But why? Why is this so difficult? For example, are we talking about
situations where a wait times out just as a signal arrives?

: Perhaps more importantly, your own program's logic can introduce spurious

: wakeups which cannot be eliminated. This can start happening as soon as there
: are more than two threads.

Right, but that's a different matter.

: You see, a condition waiting thread which has been signaled may have to compete

: with another thread in order to re-acquire the mutex. If that other thread
: gets the mutex first, it can change the predicate, so that when finally the
: original thread acquires it, the predicate is false.
: This is also a spurious wakeup, for all purposes. To make this form of
: spurious wakeup go away, the semantics of condition variables would have to
: change in troublesome ways, back to the original monitors and conditions
: concept introduced by Quicksort father C. A. R. Hoare. Under Hoare's monitors
: and conditions signaling a condition would atomically transfer the monitor to
: the first task waiting on the condition, so that woken task could just assume
: that the predicate is true: if (!predicate()) wait(&condition); /* okay */

: The very useful broadcast operation does not quite fit into Hoare's model, for
: obvious reasons; the signaler can choose only one task to become the
: next monitor owner.

Hoare fakes broadcasts with daisy chains of signals: the application
is written so that each signallee signals the next. However, in such
cases it is impossible to wake up just one waitor.

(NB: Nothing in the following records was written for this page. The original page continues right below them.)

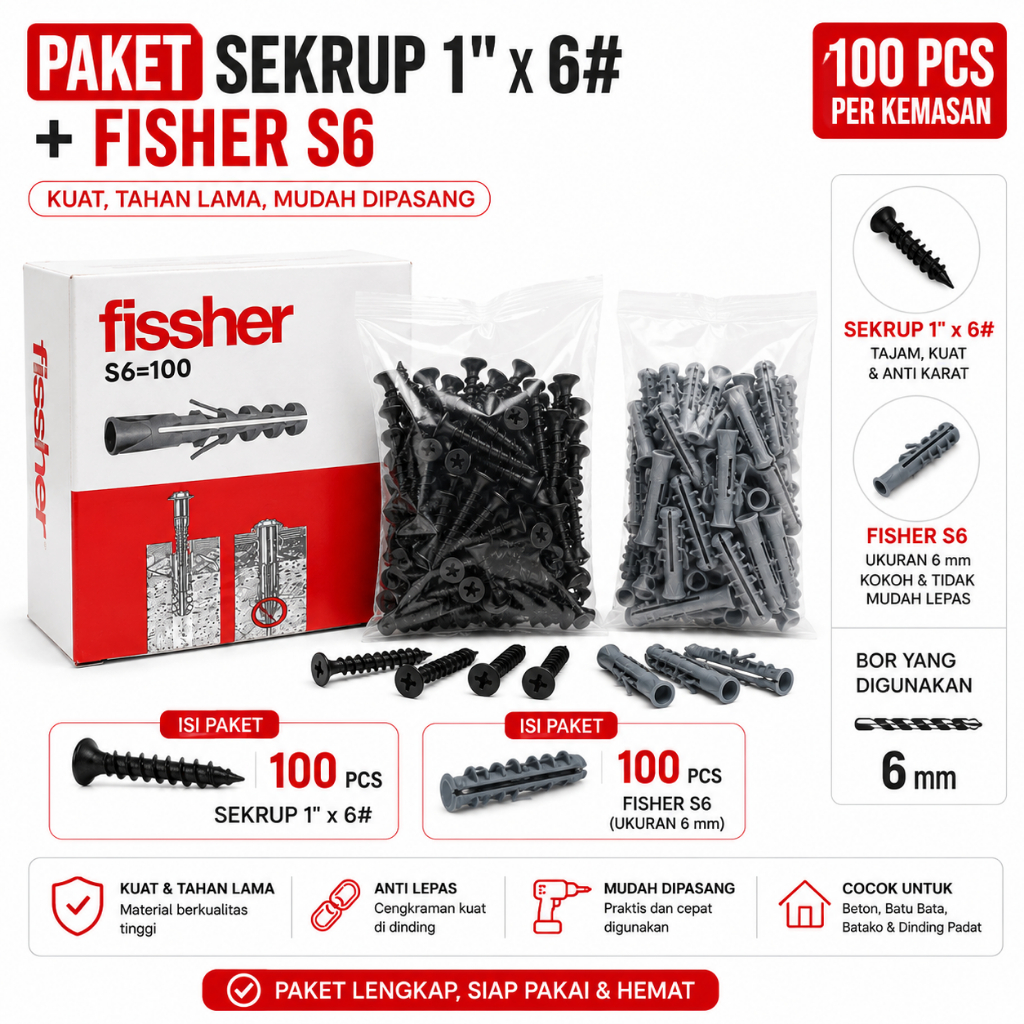 Paket Sekrup 1 Inch 6# + Fisher S6 100 PCS Baut Tembok Anti Karat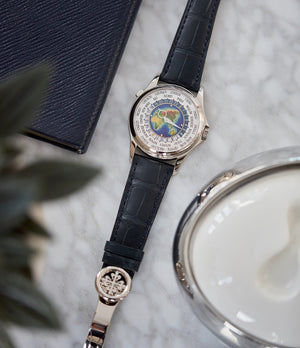 5131 Patek Philippe World Time enamel dial white gold watch for sale online at A Collected Man London UK specialist of rare watches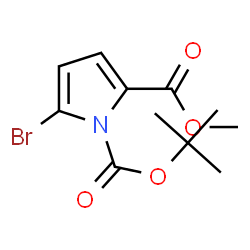 ChemSpider 2D Image | 1-tert-Butyl 2-methyl 5-bromo-1H-pyrrole-1,2-dicarboxylate | C11H14BrNO4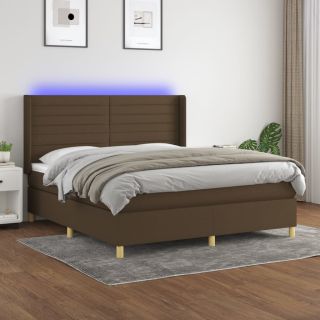 kontinentaalvoodi madrats ja LED, tumepruun, 160x200 cm, kangas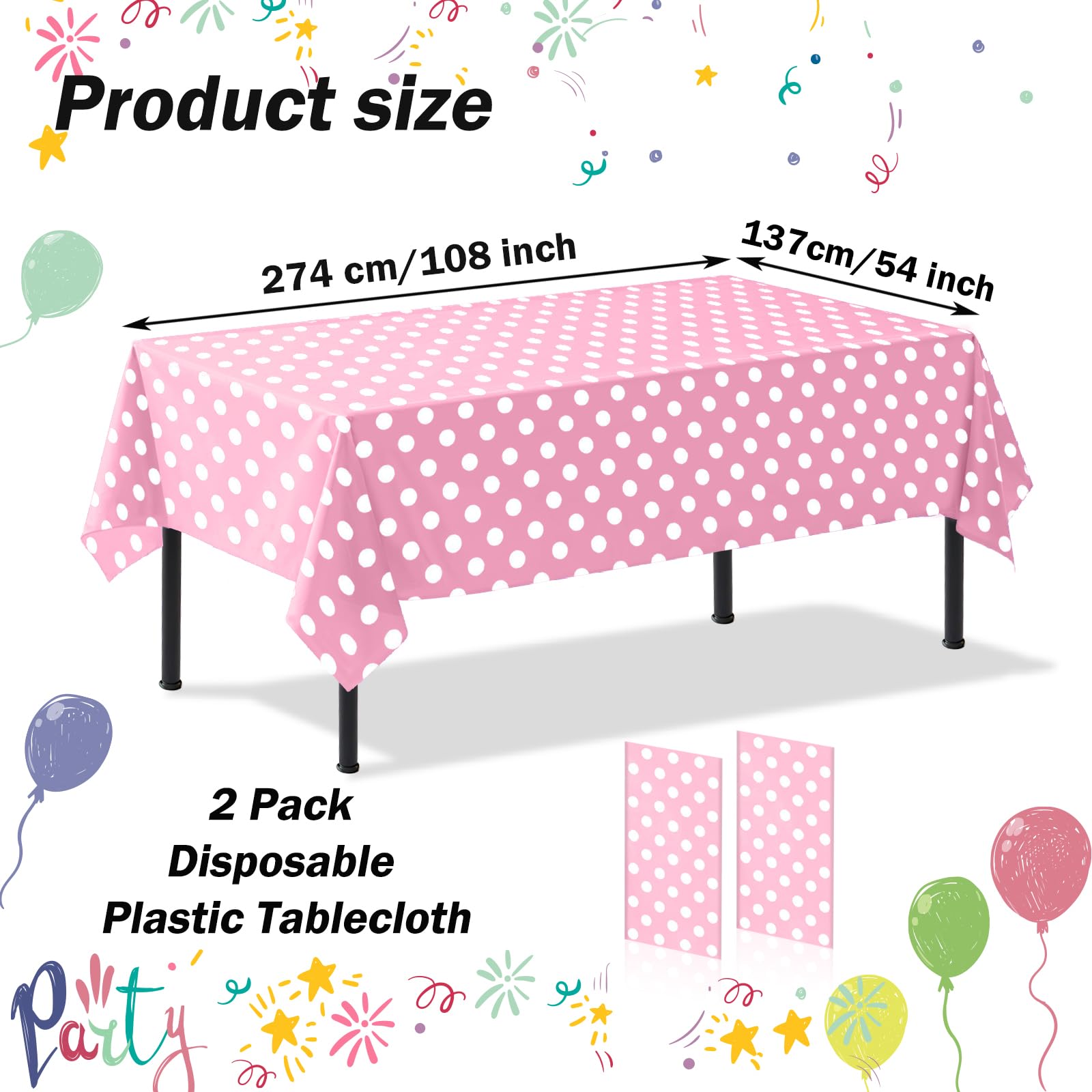 CXSAZRY 2 Pack Light Pink Polka Dot Table Cloth, 54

: Also, such atomic transfers of lock ownership are wasteful, especially on a

: multiprocessor; the ownership transfer spans an entire context switch from one
: task to another, during which that lock is not available to other tasks.
: The switch can take thousands of cycles, inflating the length of a small
: critical region hundreds of times!

In my limited experience, things are't that bad if the signaller
passes its CPU along with the lock. Things fall apart, however, if
the signaller simply makes the signallee "runnable".

: Lastly, a problem with Hoare's approach is that a ``clique'' of tasks can form

: which bounce ownership of the monitor among themselves, not allowing any other
: task entry into the monitor.

Any time you have a low-level lock that is almost always held, there
is a deeper problem than the semantics of lock passing. Either the
applications are trying to do too much while holding the lock or the
implementation of lock passing is messed up. As I mentioned above,
the natural mistake in implementing Hoare semantics is for the
signaller to simply put the signallee into runnable state and then
defer, without directly passing control to the signallee.

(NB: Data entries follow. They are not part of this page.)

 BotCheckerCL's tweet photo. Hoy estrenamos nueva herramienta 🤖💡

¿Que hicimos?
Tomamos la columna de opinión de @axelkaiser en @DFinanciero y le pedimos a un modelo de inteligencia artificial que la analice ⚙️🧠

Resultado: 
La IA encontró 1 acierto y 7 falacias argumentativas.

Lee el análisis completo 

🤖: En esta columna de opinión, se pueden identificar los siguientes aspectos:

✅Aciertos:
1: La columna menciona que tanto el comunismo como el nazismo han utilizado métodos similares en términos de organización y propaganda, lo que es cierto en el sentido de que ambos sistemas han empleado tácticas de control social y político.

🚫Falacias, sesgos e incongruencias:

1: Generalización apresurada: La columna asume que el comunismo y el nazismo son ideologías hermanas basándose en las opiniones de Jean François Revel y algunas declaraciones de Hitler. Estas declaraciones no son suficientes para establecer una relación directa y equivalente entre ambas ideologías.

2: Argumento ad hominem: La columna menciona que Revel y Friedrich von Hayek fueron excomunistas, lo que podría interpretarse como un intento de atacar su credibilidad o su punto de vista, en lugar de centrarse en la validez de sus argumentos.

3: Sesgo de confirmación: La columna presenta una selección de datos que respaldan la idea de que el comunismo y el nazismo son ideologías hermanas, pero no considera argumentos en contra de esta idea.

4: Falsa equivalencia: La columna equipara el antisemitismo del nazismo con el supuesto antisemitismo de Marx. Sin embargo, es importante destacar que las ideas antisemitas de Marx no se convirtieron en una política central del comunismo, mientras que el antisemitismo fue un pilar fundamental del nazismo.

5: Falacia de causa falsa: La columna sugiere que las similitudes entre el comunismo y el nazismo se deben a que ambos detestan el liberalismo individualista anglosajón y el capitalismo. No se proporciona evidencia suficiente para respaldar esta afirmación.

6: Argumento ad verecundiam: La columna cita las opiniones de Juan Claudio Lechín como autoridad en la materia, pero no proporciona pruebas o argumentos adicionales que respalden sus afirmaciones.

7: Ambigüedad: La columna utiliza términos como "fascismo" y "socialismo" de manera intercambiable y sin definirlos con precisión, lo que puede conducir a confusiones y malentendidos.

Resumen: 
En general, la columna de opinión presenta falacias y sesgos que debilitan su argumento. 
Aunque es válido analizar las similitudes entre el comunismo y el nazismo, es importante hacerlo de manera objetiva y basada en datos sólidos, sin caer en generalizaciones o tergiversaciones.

: No reliable provision can be made for

: priority-based entry into the monitor, because the signal operation implicitly
: ingores such priority; at best it can choose the highest priority thread that
: is waiting on the condition, which ignores tasks that are waiting to get into
: the monitor.

Another way to look at it is that under Hoare semantics, the signallee
has absolutely top priority for the lock, even over the signaller, who
has top priority after the signallee. In general, however, locks are
not the place to do long-term waiting or implement scheduling policies
-- that's what conditions are for.

: In the POSIX model, a condition variable signal merely wakes up a

: thread, making it runnable. The scheduling policy will effectively decide
: fairness, by selecting who gets to run from among runnable threads. Waking up
: of threads waiting on monitors and conditions is done in priority order also,
: depending on the scheduling policy.

In POSIX signalling, to what extent, if any, does the awakened
signallee have priority over other contenders for the lock? (I've
gotten conflicting impressions at various times.)

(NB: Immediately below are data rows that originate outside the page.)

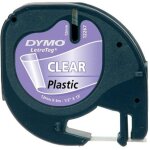 Dymo - dymo 12mm letratag plastic tape labelprinter - tape black on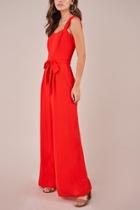  Red Wide-leg Jumpsuit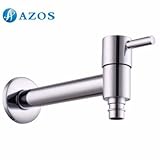 AZOS 洗濯機の蛇口 単一冷水栓 銀色 真鍮製 壁付形 洗面器 PJXY020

Indeterminacy regarding who gets the lock after a signal introduces
more possibilities for the programmer to worry about, more
opportunities for mistakes, and more difficulties in avoiding
opportunities for indefinite postponement (which are of concern in
"hard" real-time systems).

The real cost of Hoare's approach is two context switches, rather than
one, each time a signal occurs --- the signaller passes control to the
signallee who passes control back to the signaller upon exiting the
monitor. That overhead can be avoided, however, if either the signal
or the wait is the last operation before releasing the lock (i.e.,
nearly all cases).

Tom Payne

Joe Seigh

ungelesen,

02.05.2001, 09:55:2502.05.01

an

Basically, to allow flexibility in the implementation. I don't know what
specifics they had in mind when they cast the spec but I can suggest hypothetical
situations.

You might have a really efficient signaling mechanism that very occasionally generates
false positives due to a race condition. Overall system performance might be dramatically
improved if using the efficient signaling mechanism with the spurious wakeups was allowed.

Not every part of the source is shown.